• _Work task_:
Pictures in the data should be dropped; transcribe exactly the lines from the one that has "Village Mare poza 26" through the one that has "Eucalyptus Dice. 7pc".

• _Records_:
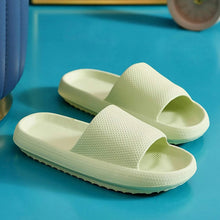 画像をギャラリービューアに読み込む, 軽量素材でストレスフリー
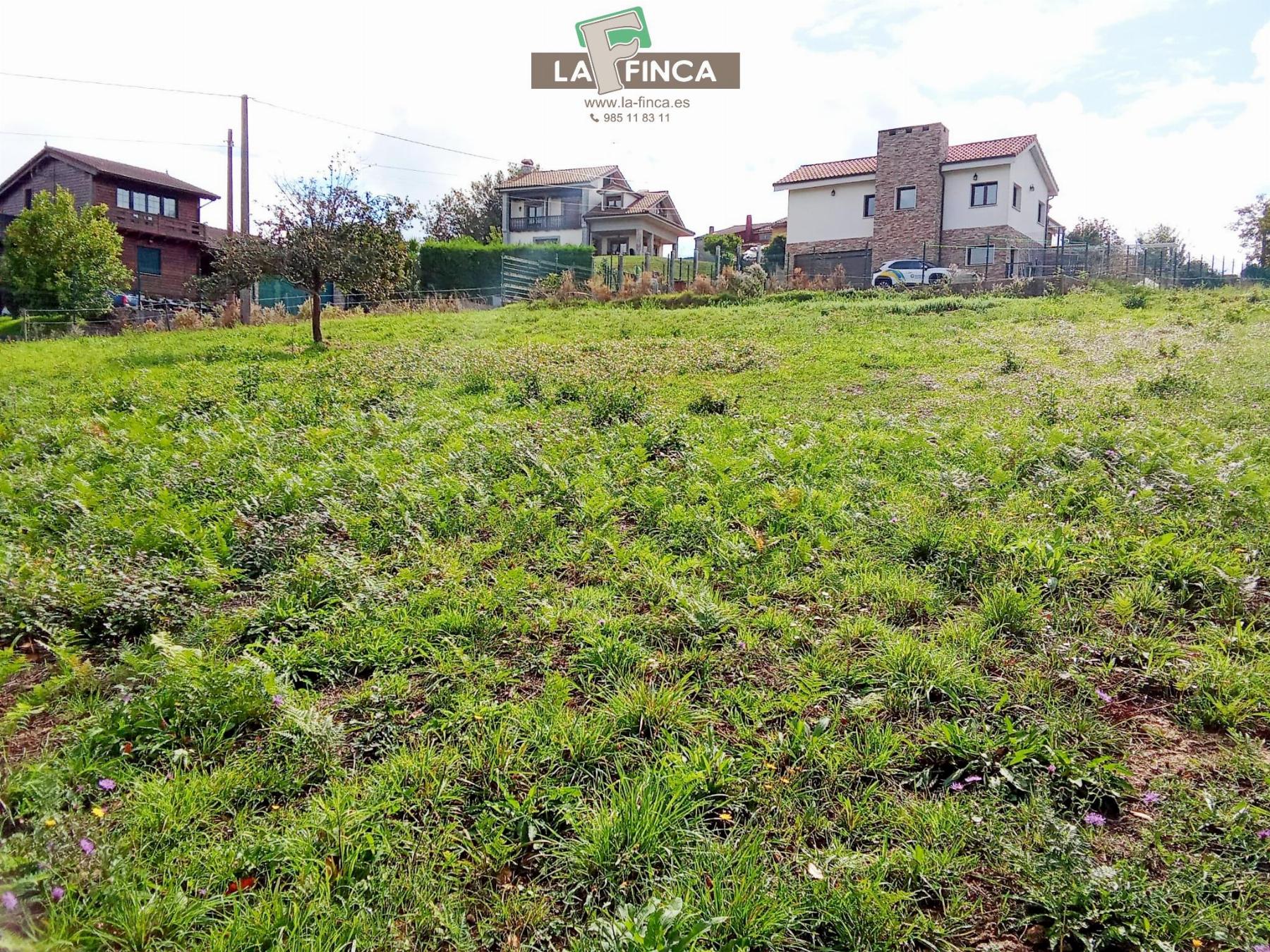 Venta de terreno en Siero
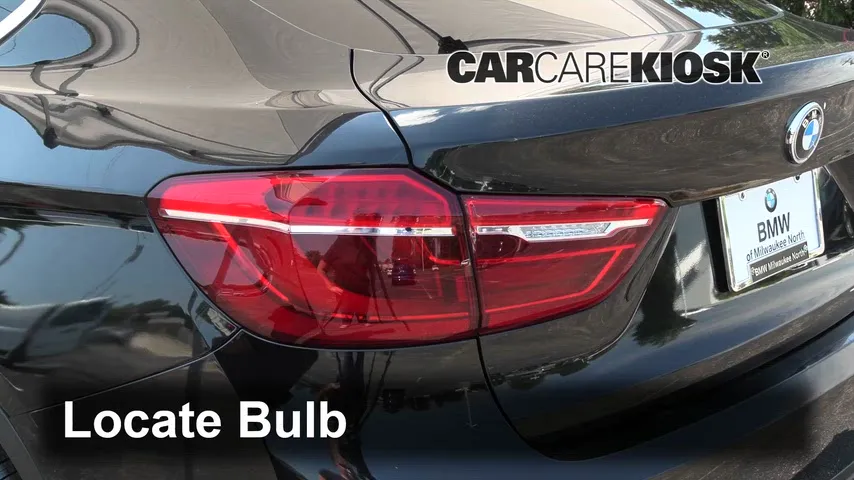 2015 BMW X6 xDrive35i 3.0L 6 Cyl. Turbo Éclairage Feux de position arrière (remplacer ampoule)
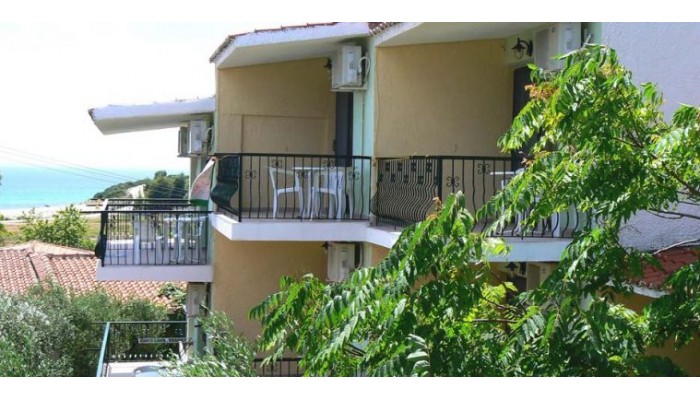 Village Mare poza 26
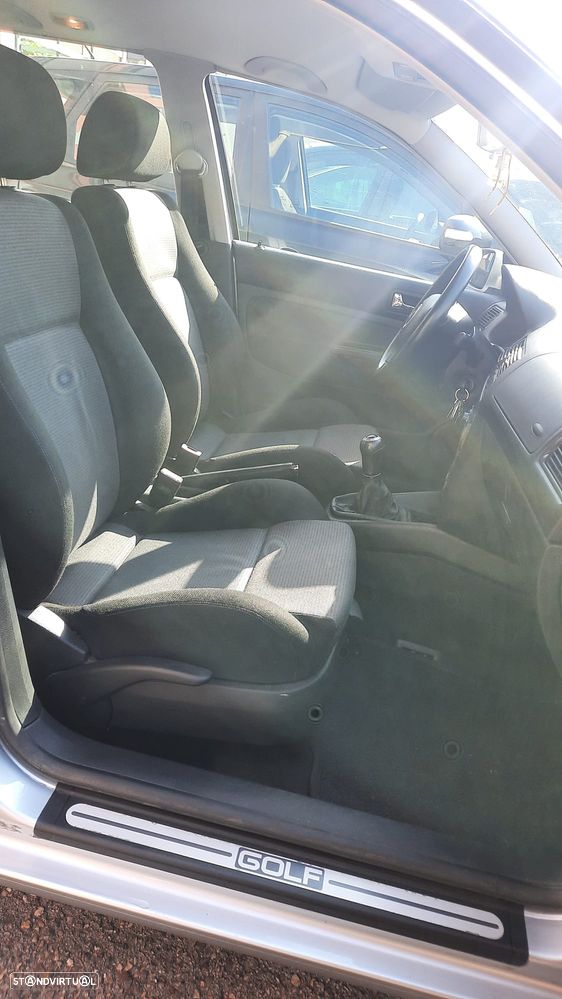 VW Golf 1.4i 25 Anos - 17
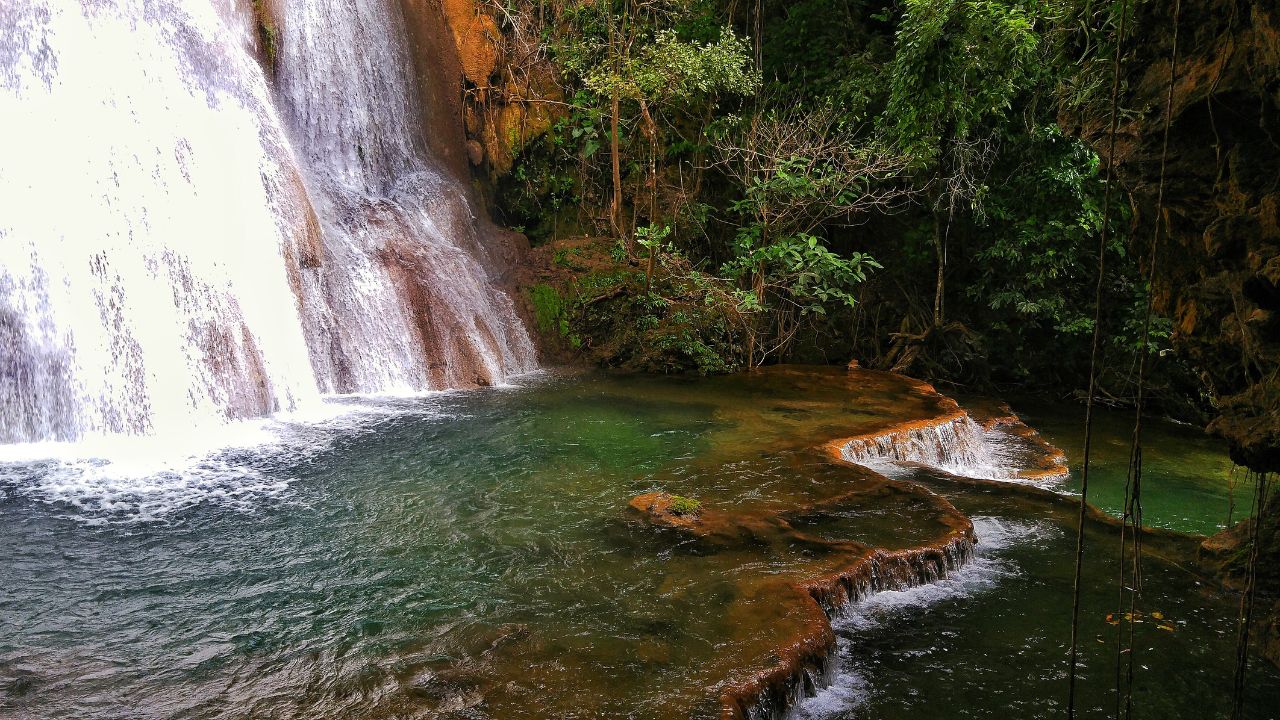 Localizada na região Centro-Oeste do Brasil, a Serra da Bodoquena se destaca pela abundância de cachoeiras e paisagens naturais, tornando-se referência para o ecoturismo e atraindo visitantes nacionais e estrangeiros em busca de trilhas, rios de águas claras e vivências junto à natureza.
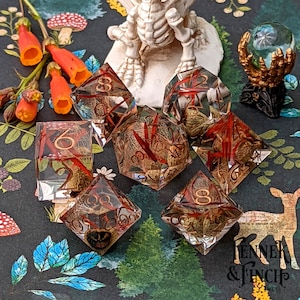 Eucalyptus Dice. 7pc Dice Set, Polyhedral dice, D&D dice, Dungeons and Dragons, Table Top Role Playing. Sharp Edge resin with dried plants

* * *

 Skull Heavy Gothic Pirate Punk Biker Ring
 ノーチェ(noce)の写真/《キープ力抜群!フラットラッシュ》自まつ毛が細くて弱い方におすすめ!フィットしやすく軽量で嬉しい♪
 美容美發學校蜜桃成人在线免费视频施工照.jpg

* * *

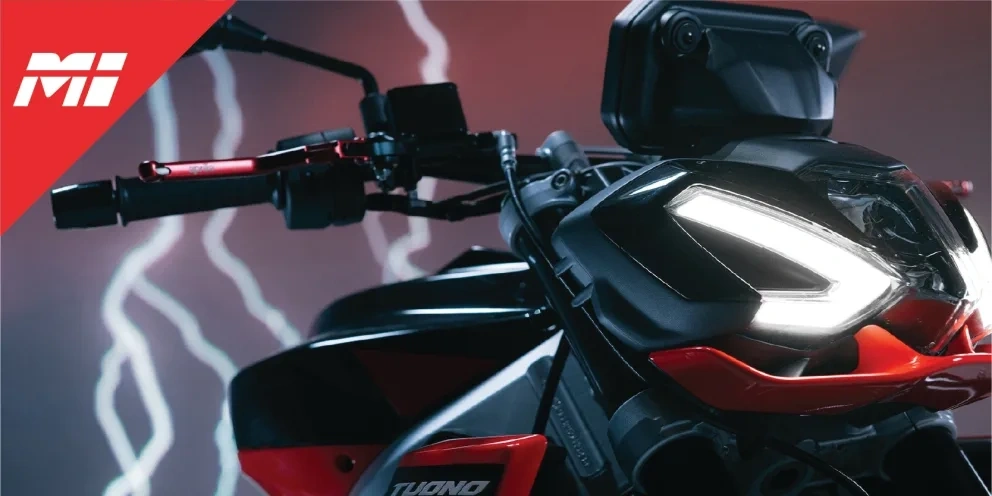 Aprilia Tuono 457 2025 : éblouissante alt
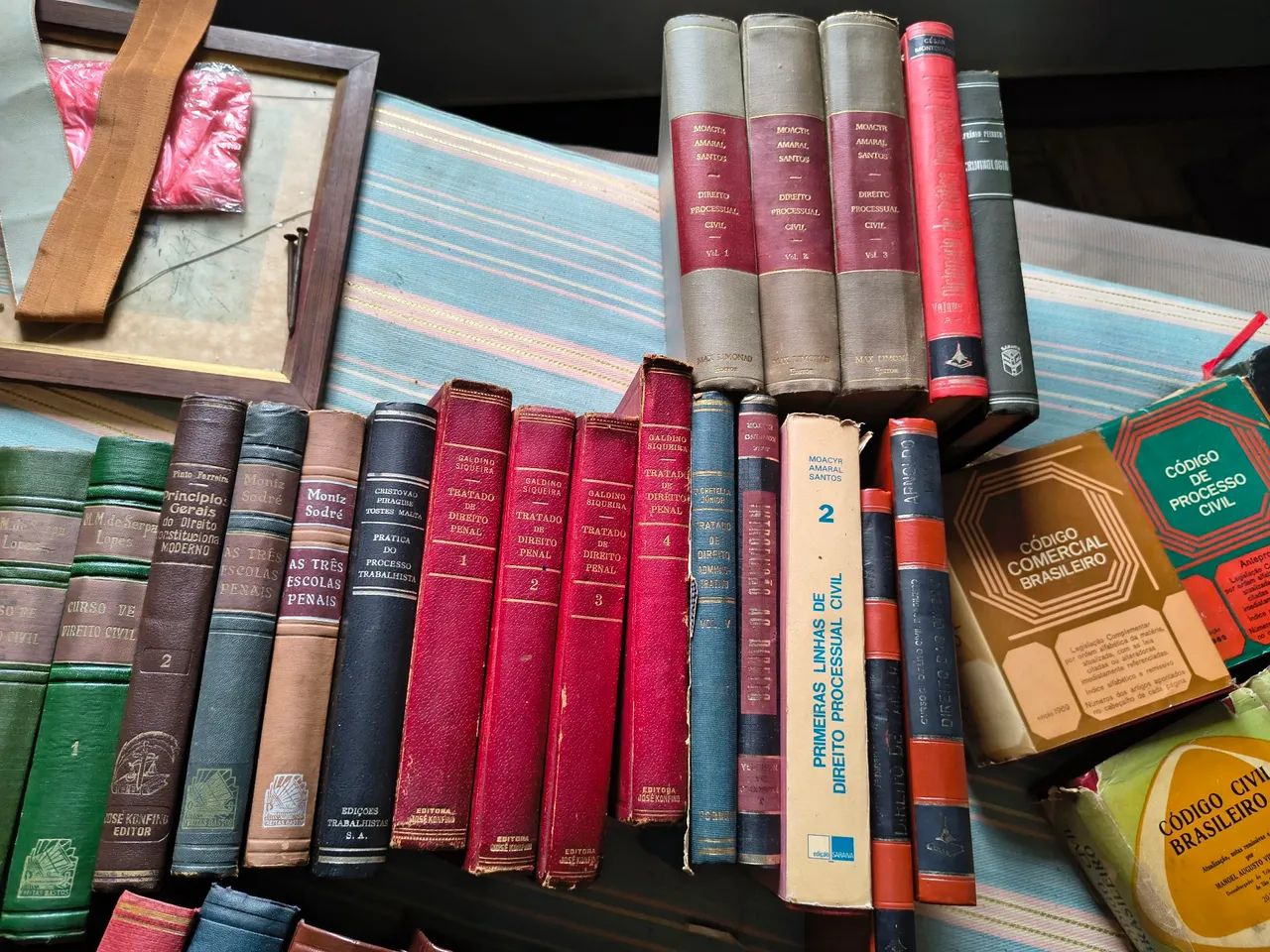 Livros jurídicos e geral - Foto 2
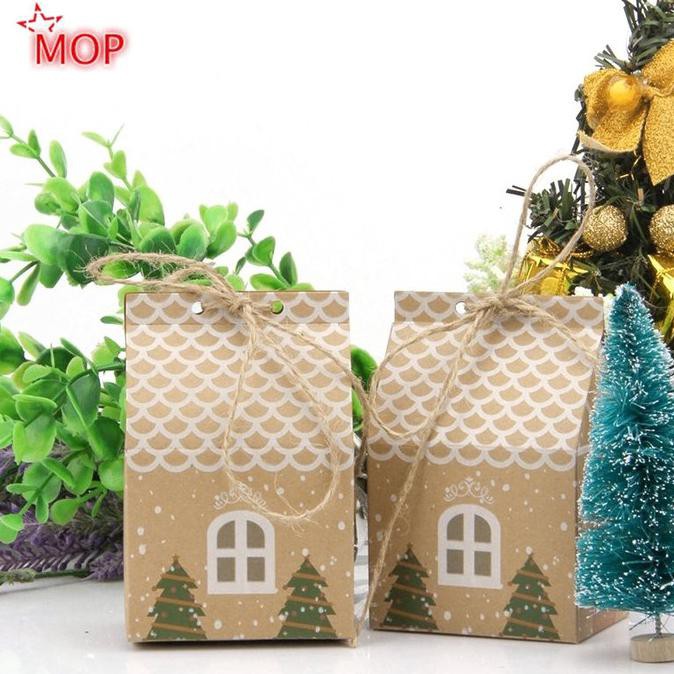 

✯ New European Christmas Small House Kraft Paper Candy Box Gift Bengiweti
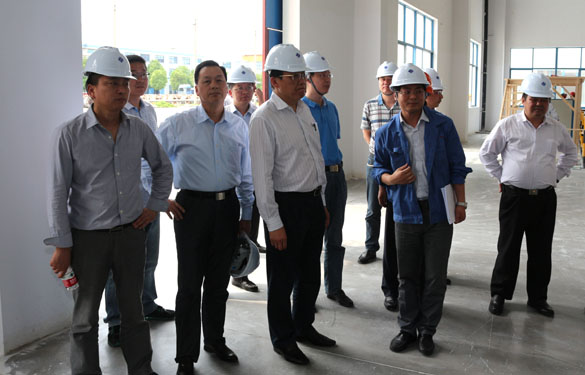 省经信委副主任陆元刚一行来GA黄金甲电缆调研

• _Your solution_:
 Village Mare poza 26
 VW Golf 1.4i 25 Anos - 17
 Localizada na região Centro-Oeste do Brasil, a Serra da Bodoquena se destaca pela abundância de cachoeiras e paisagens naturais, tornando-se referência para o ecoturismo e atraindo visitantes nacionais e estrangeiros em busca de trilhas, rios de águas claras e vivências junto à natureza.
 Eucalyptus Dice. 7pc Dice Set, Polyhedral dice, D&D dice, Dungeons and Dragons, Table Top Role Playing. Sharp Edge resin with dried plants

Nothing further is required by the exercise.